We start with the compound‐interest formula \[ A = P\left(1+\frac{r}{n}\right)^{n t}, \] where \( A \) is the accumulated amount, \( P \) is the principal (initial investment), \( r \) is the annual interest rate (in decimal form), \( n \) is the number of compounding periods per year, and \( t \) is the time in years. In this problem, we have: - \( A = 6494.00 \) dollars, - \( r = 0.04057 \) (since \( 4.057\% = 0.04057 \)), - Daily compounding, so \( n = 365 \), - \( t = \frac{31}{365} \) years (since 31 days).

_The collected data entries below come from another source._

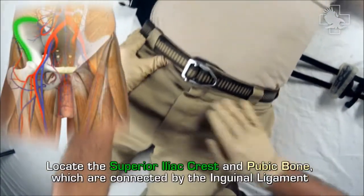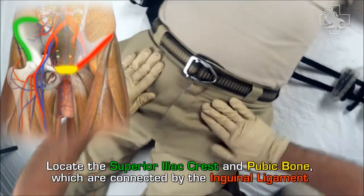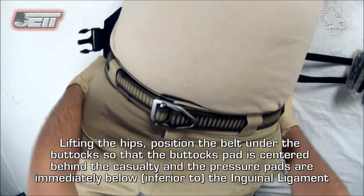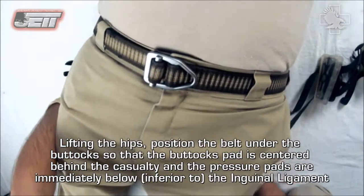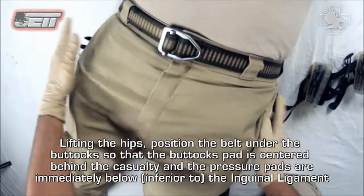Slide the belt with the 'this side toward casualty' label facing up under the body at the lower back. Locate the superior iliac crest and pubic bone, which are connected by the inguinal ligament. Lifting the hips, position the belt under the buttocks so that the buttocks pad is centered behind the casualty and the pressure pads are immediately below — inferior to — the inguinal ligament.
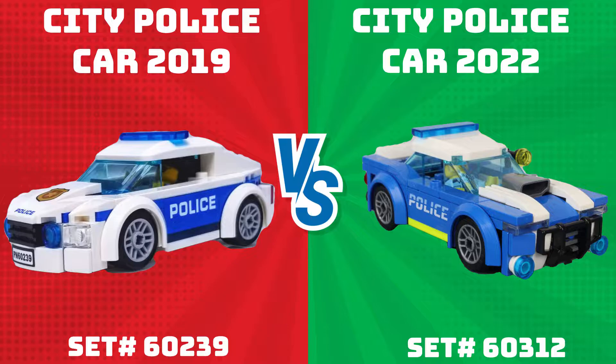If you're interested in seeing the up close and personal speed builds of these sets and many more, subscribe and don't forget to check out my other videos on this channel once you're done. Alright, let's jump right into it and see what we got in both of these sets.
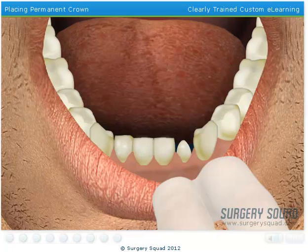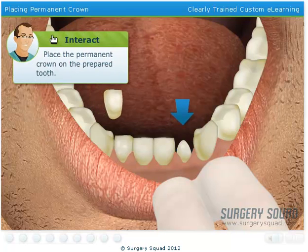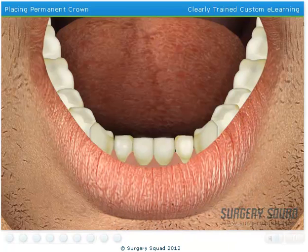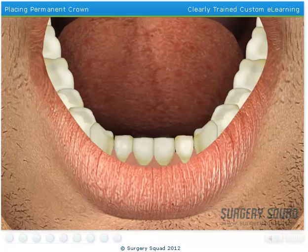I've already checked the fit and color of the permanent crown and everything seems great. I've applied cement on the inside of the crown, so it's ready for you to place. Perfect! After the cement has hardened, the dentist would check the fit of the crown again and the patient's bite to ensure that there are no issues. Luckily for our patient, you did a marvelous job!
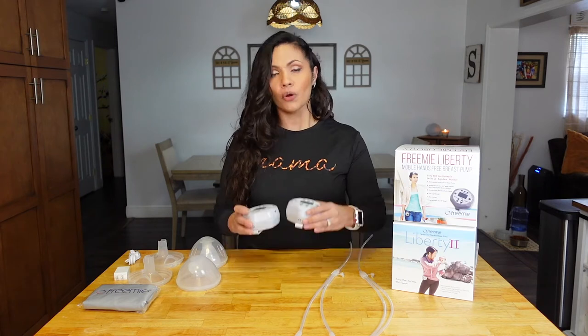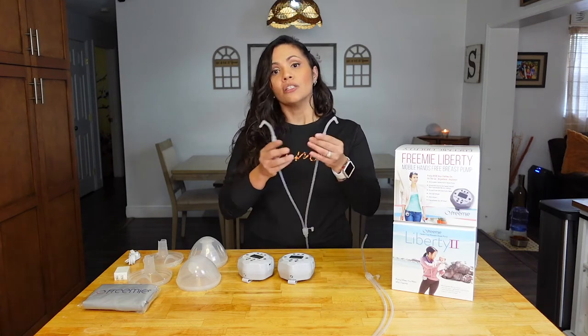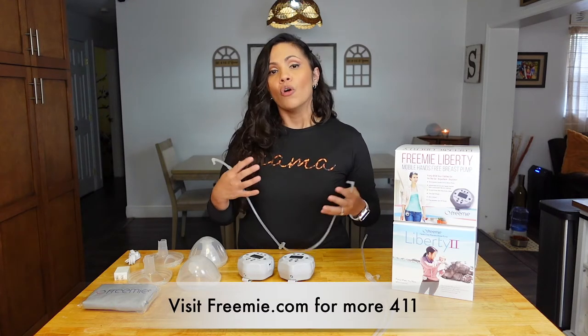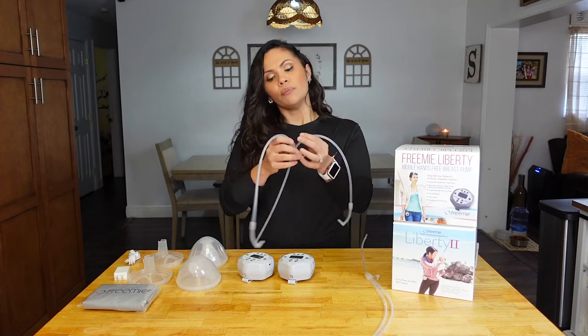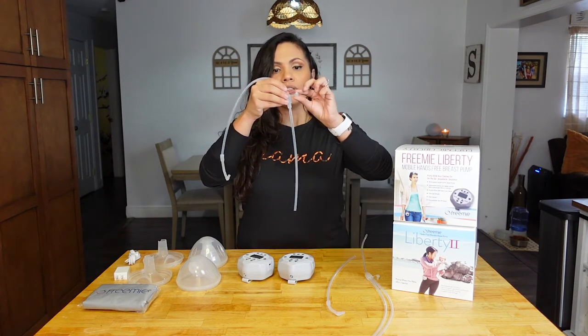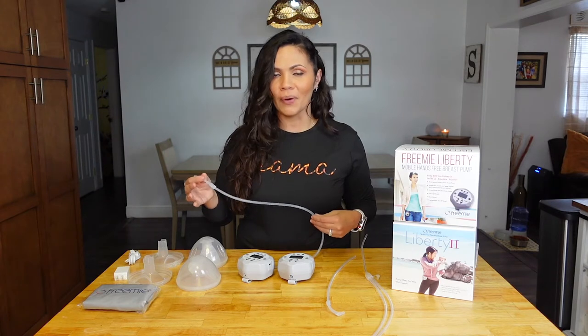Some more similarities: they're both hospital-strength pumps and they are both single or double electric breast pumps. So whether you need to attach both cups because you're pumping both breasts, or you only need one — maybe your little one just latched and one side still has a little bit left — you can easily adjust it. Simply remove one of the tubes, close the hole from the side you won't be using, attach the cup, insert, and start pumping. Really simple.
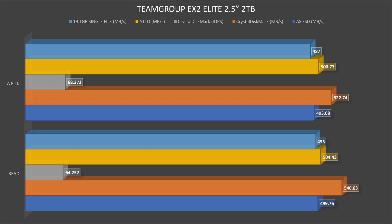For reference, some M.2 SSDs have 500 megabytes per second variation up and down, which isn't good. Thermals stayed at a constant 44 degrees throughout the whole AS SSD benchmark test. Then moving to CrystalDiskMark: read speeds go up to 540.63 megabytes per second while write speeds go up to 522.74 megabytes per second. IOPS read: 64,252.44 and IOPS write: 68,372.80.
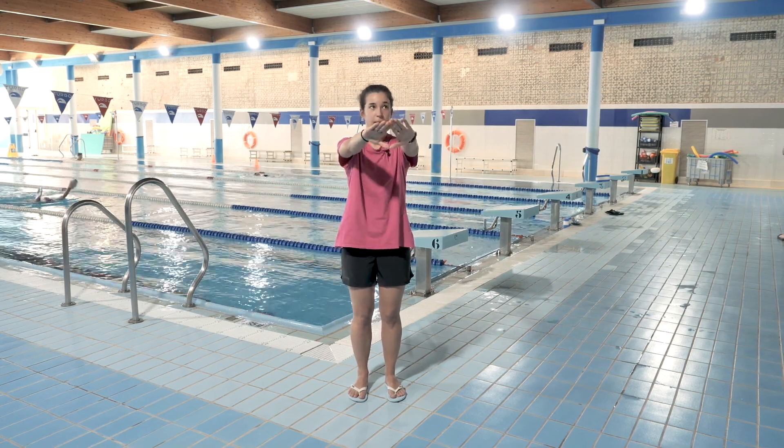The breaststroke involves a coordinated movement of sliding your arms under the water while kicking. The swimming cycle consists of a stroke followed by a kick.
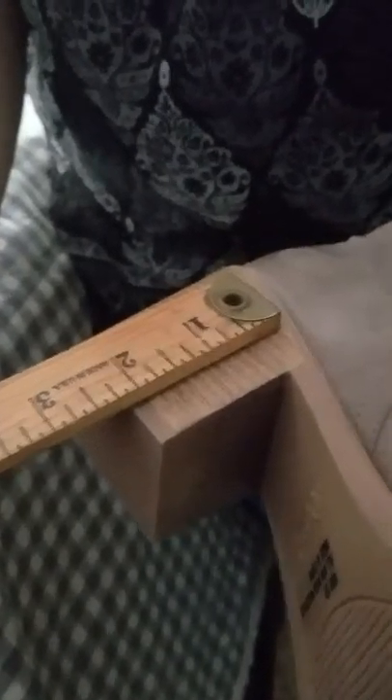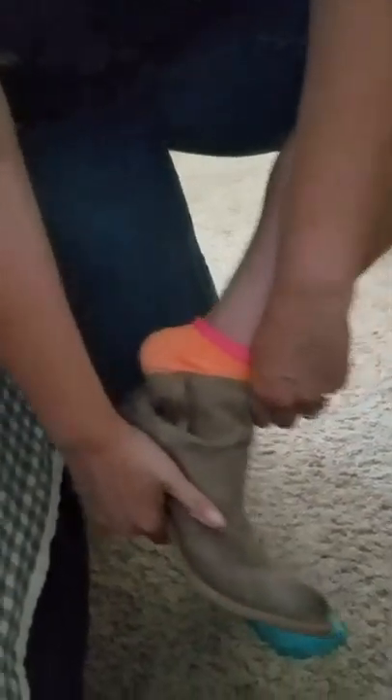The heel is just about two inches, which is taller than what I usually wear, but with how comfortable they are I can't tell the difference at all. You can see it's very easy to put on — don't laugh at my socks, I always wear socks with things — but you just slide them right on and there you go.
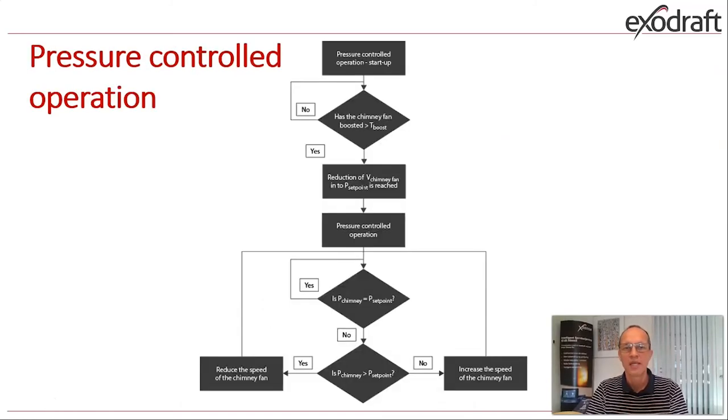This schematic shows how the system will run if you use pressure control. When the controller starts up it always starts with a boost function like previous models — running at 100% full speed for a period of time, with a factory setting of 10 minutes. Both parameters can be set and customized as needed. When the boosting period is over, it will automatically change into pressure-controlled operation and measure the actual pressure in the chimney compared to the set point and adjust accordingly.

Notice that \[ n t = 365 \times \frac{31}{365} = 31. \] Thus, the formula becomes \[ 6494.00 = P\left(1+\frac{0.04057}{365}\right)^{31}. \] We solve for \( P \) by rearranging the equation: \[ P = \frac{6494.00}{\left(1+\frac{0.04057}{365}\right)^{31}}. \] Now, calculating the daily interest factor: \[ 1+\frac{0.04057}{365} \approx 1 + 0.000111178 \] Raise this factor to the 31st power. Since for small \( x \), \( \ln(1+x) \approx x \), we have \[ \left(1+0.000111178\right)^{31} \approx e^{31 \times 0.000111178} = e^{0.0034465} \approx 1.003451. \] Now, substitute back to find \( P \): \[ P \approx \frac{6494.00}{1.003451} \approx 6468.07. \] Thus, you would need to invest approximately \(\$6,468.07\).